**What needs to be done**
Copy the lines of the data below exactly, starting at the first and stopping after the line that contains "Студенческая мультяшная меховая"; include no pictures.
########################################
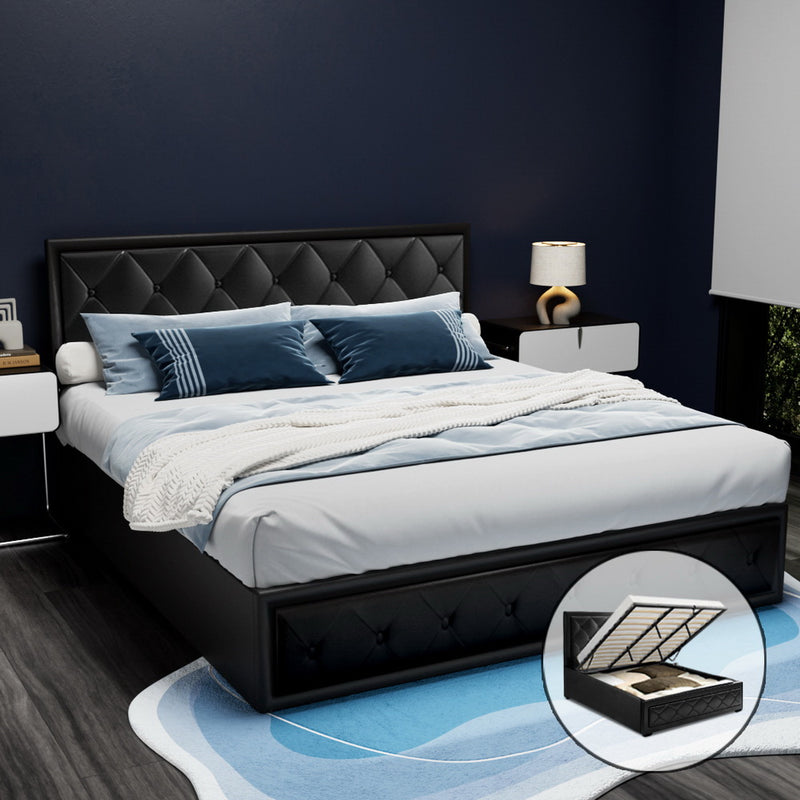 Artiss King Bed Frame Gas Lift Storage Black TIYO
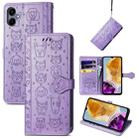For Samsung Galaxy A06 Cat and Dog Embossed Leather Phone Case(Purple) - 1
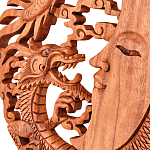 Панно из дерева дракон и луна Panel With Animals варинант исполнения - 2 | Loft Concept в Брянске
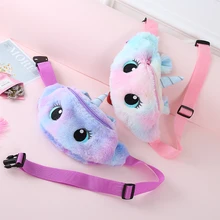 Студенческая мультяшная меховая поясная сумка, женская зимняя нагрудная сумка с вышивкой, сумка на плечо с единорогом, цветная Большая вместительная поясная сумка с карманом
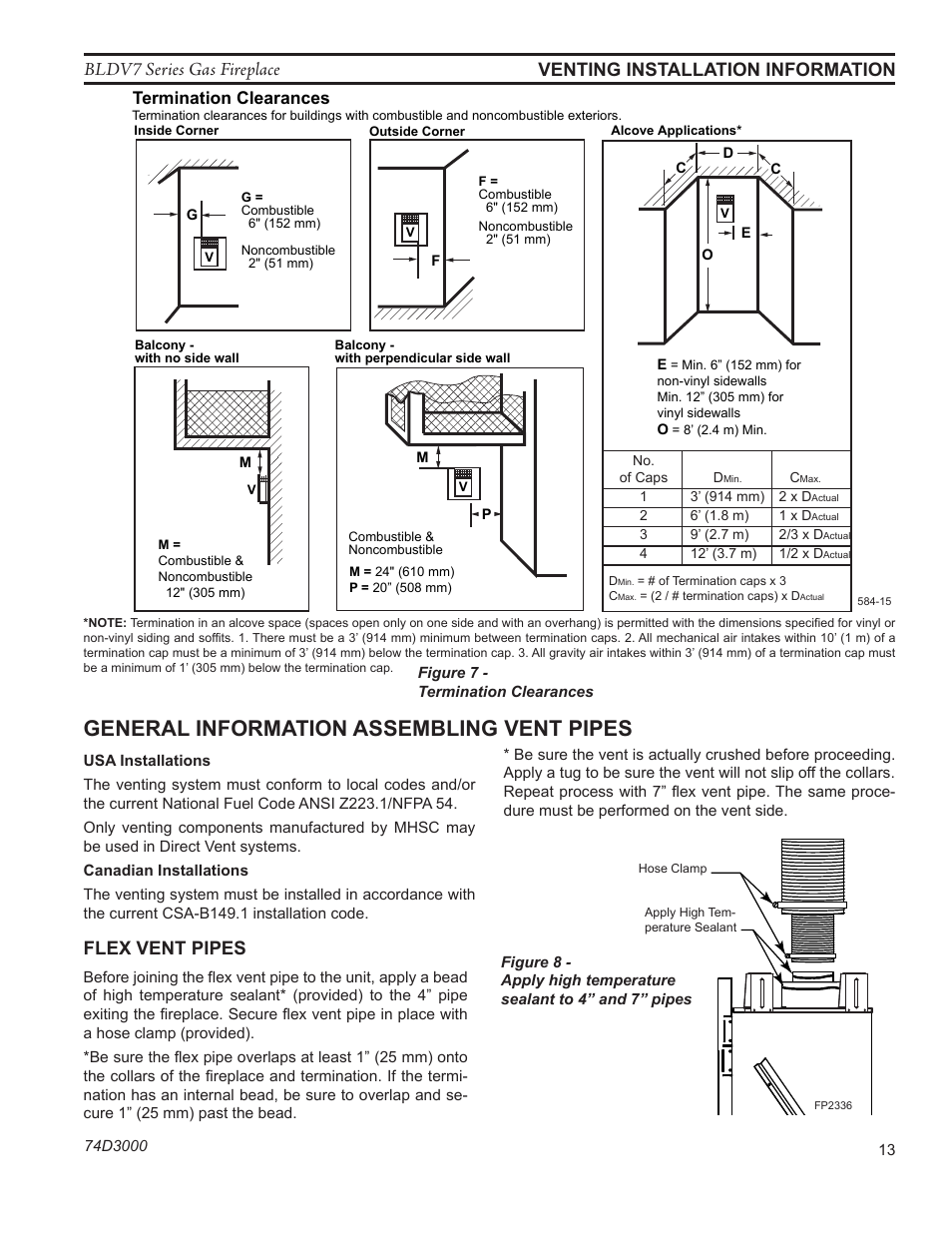 Fp2336 flex vent top, General information assembling vent pipes, Bldv7 series gas fireplace | Venting installation information, Flex vent pipes, Termination clearances | Monessen Hearth BLDV7 SERIES BLDV500N/PV7;N/PSC7 User Manual | Page 13 / 60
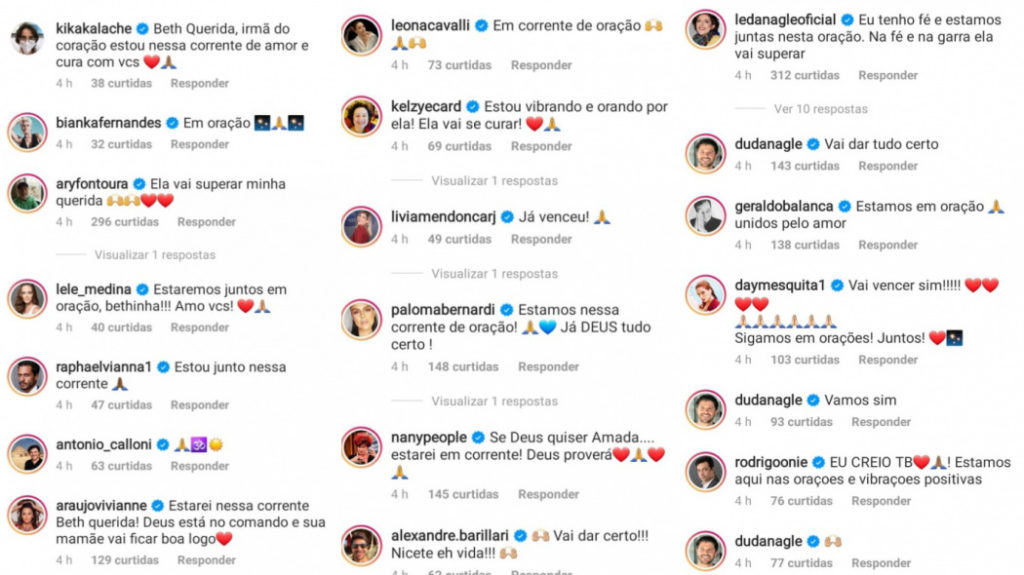 Estrelas se manifestam após piora de Nicette Bruno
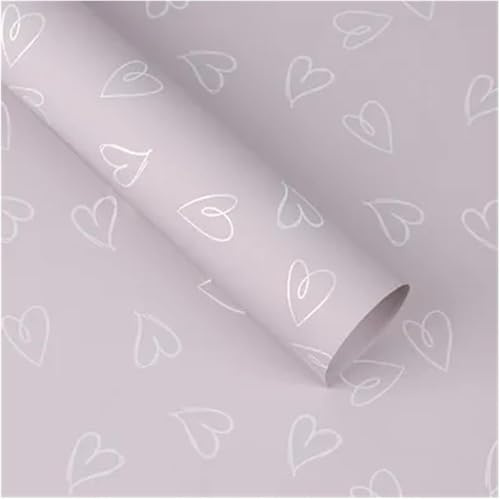 Blumenstrauß-Geschenkpapier, wasserfeste Bögen Verpackungspapier, 58 x 58 cm, 20 Stück, Herz-Bouquet, dekoratives Geschenkpapier, Blumenverpackungsmaterial, Geschenkpapier(Gray Purple)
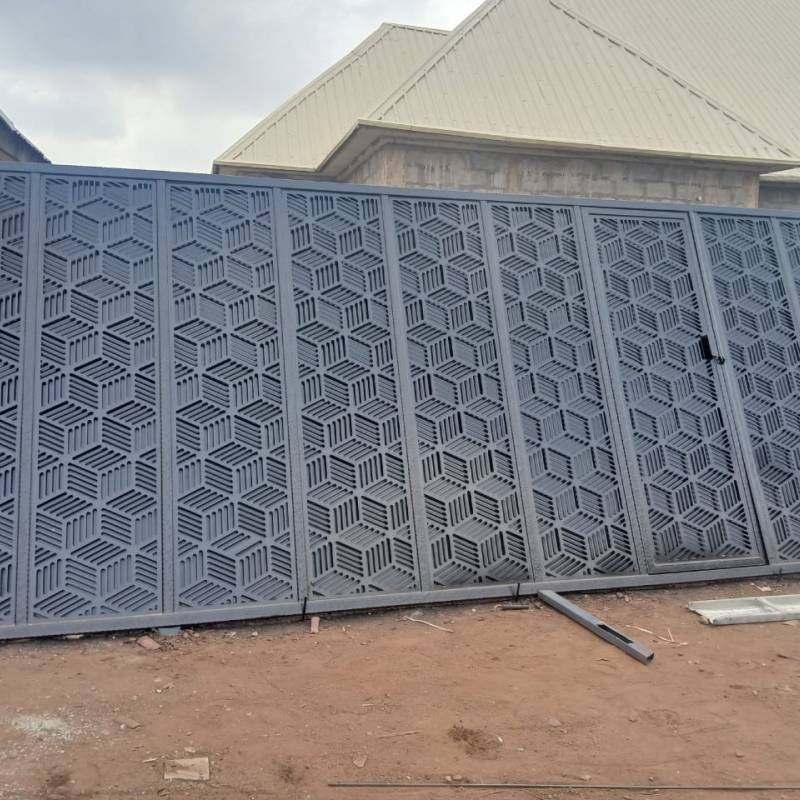 Modern Geometric Perforated Steel Sliding Gate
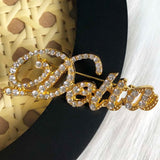 Greek Sorority Letter Pearl Rhinestone Stone Brooches Women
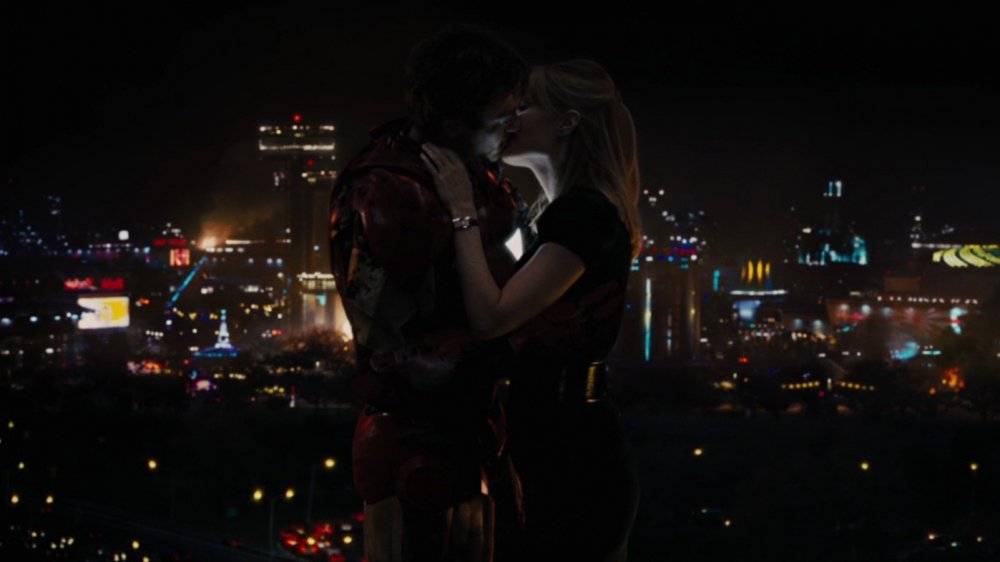 Robert Downey Jr. as Tony Stark and Gwenyth Paltrow as Pepper Potts in Iron Man 2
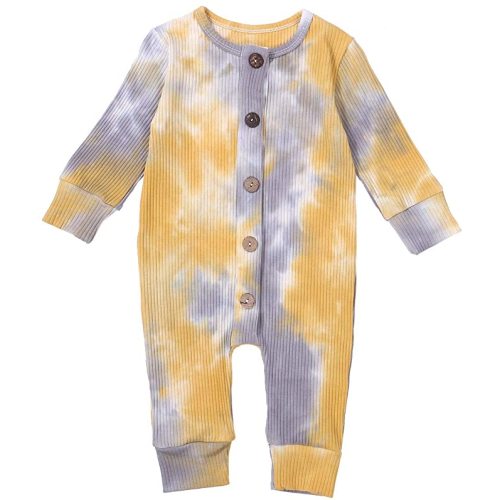 Kuriozud Newborn Unisex Baby Boy Girl Button Romper One Piece Jumpsuit Clothes - Tie Dye Yellow - 12-18 Months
########################################
**Task answer**
 Artiss King Bed Frame Gas Lift Storage Black TIYO
For Samsung Galaxy A06 Cat and Dog Embossed Leather Phone Case(Purple) - 1
 Панно из дерева дракон и луна Panel With Animals варинант исполнения - 2 | Loft Concept в Брянске
 Студенческая мультяшная меховая поясная сумка, женская зимняя нагрудная сумка с вышивкой, сумка на плечо с единорогом, цветная Большая вместительная поясная сумка с карманом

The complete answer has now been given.